Requirement
Wherever a picture appears in the listing below, leave it out and reproduce the rest exactly.

Data section

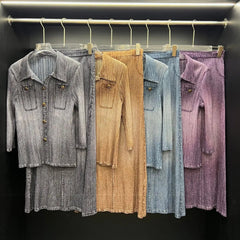 Washed Denim Plissé Skirt Set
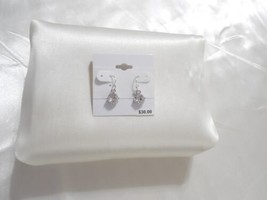 Department Store 7/8&quot; Silver Tone Simulated Diamond Dangle Drop Earrings... - $11.51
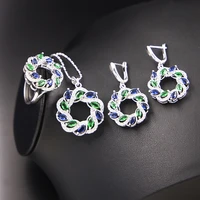 funmode elegant plant design dress accessories pendientes small jewelry set for women parures bijoux wholesale fs174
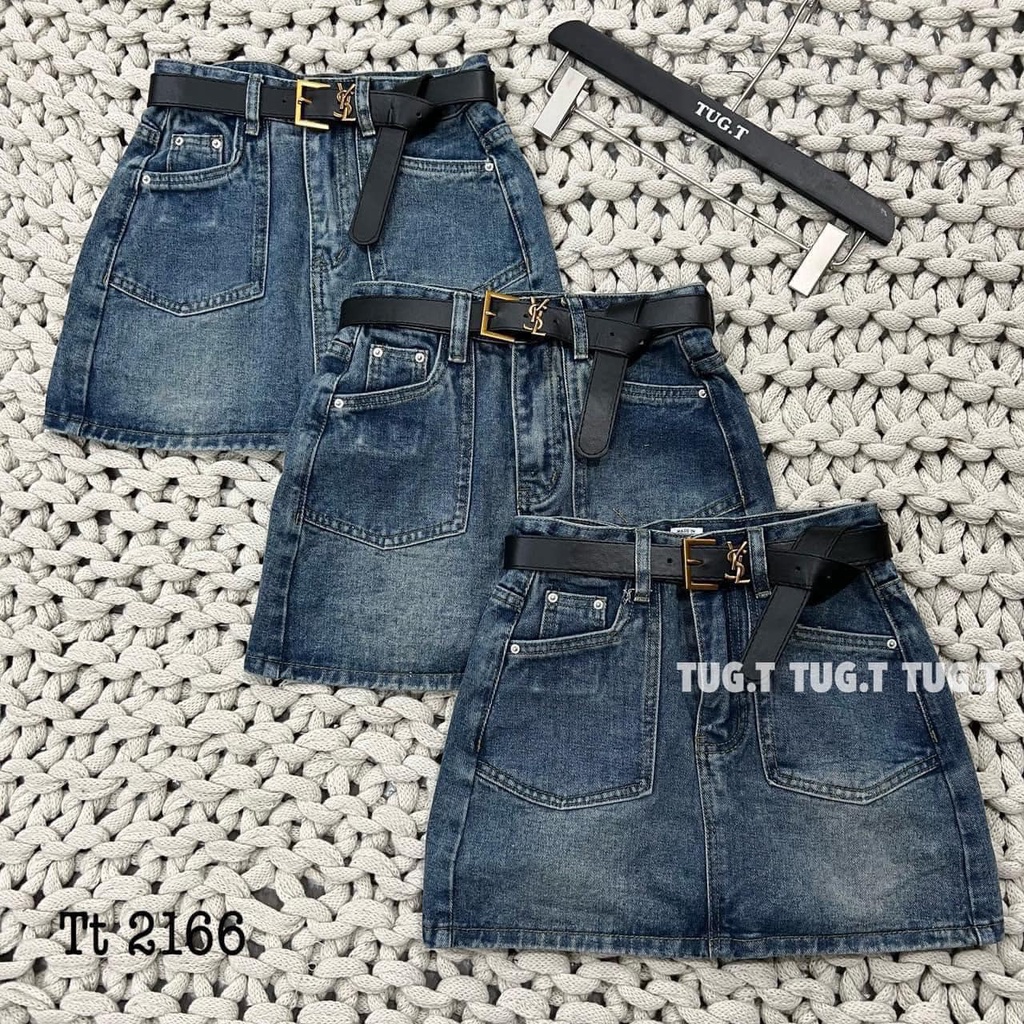 CHÂN VÁY JEANS KÈM BELT DA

Output below
 Washed Denim Plissé Skirt Set
 Department Store 7/8&quot; Silver Tone Simulated Diamond Dangle Drop Earrings... - $11.51
 funmode elegant plant design dress accessories pendientes small jewelry set for women parures bijoux wholesale fs174
 CHÂN VÁY JEANS KÈM BELT DA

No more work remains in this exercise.